Search code examples
pythonsecurityhash

Why python uses predictable hashes for numbers?


The Python doc says:

By default, the __hash__() values of str and bytes objects are “salted” with an unpredictable random value. Although they remain constant within an individual Python process, they are not predictable between repeated invocations of Python. This is intended to provide protection against a denial-of-service caused by carefully chosen inputs that exploit the worst case performance of a dict insertion, O(n2) complexity.

But the algorithm used for computing hash() of numbers is deterministic. (It only uses salt for str and bytes). Why an attacker can not use integers to run DoS by the same reason?


Solution

  • The Python bug tracker (Issue 13703) captures a lot of discussion that led to this choice.

    Particularly significant factors were:

    1. JSON and XML-RPC messages are always interpreted with strings, not ints, as dict keys. (See relevant messages from the thread for JSON and XML-RPC.) So in the most plausible security threat context (requests fired at a service on the web), int hashing was seen as unlikely to cause an issue.
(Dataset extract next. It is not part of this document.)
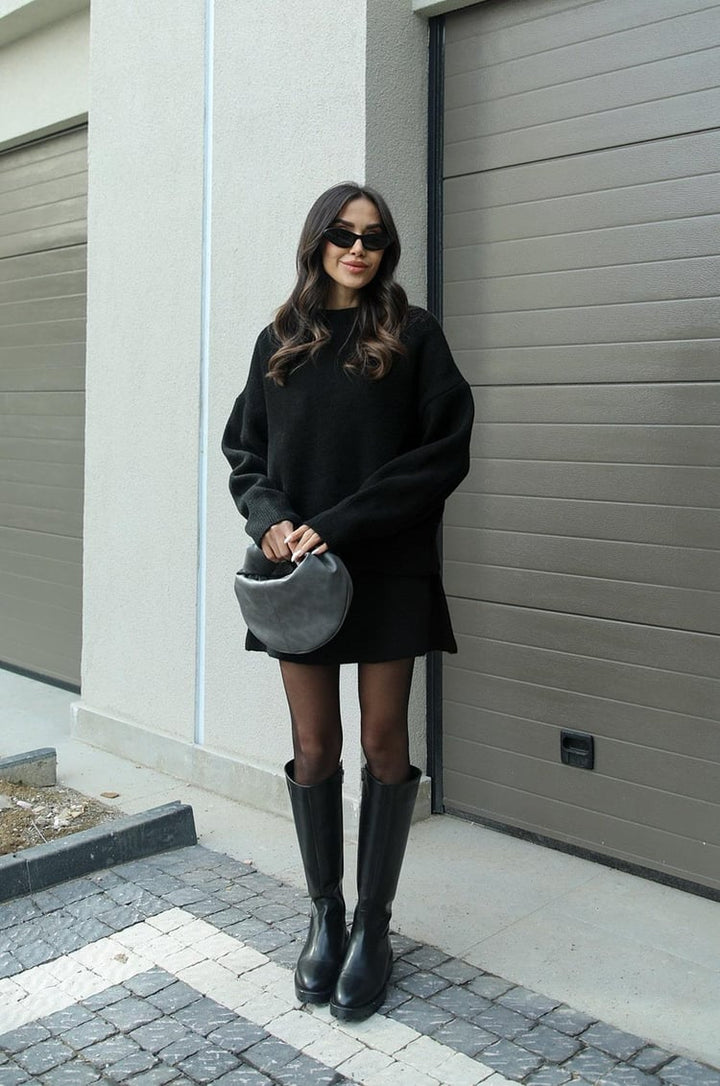Ensemble Tricot Femme avec Pull Col Rond et Mini Jupe avec Bords Côtelés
There wasn't 100% consensus on this: this message has a dissenting view.

    2. "Using a more elaborate hash algorithm would slow down uses of numbers as dictionary keys and also be difficult to implement for non-integer types such as float, longs and complex numbers." (quote from this message)

    Essentially, the view that won out was that the security benefits of the change won out over the performance impact for strings and bytes objects, but not for numeric types.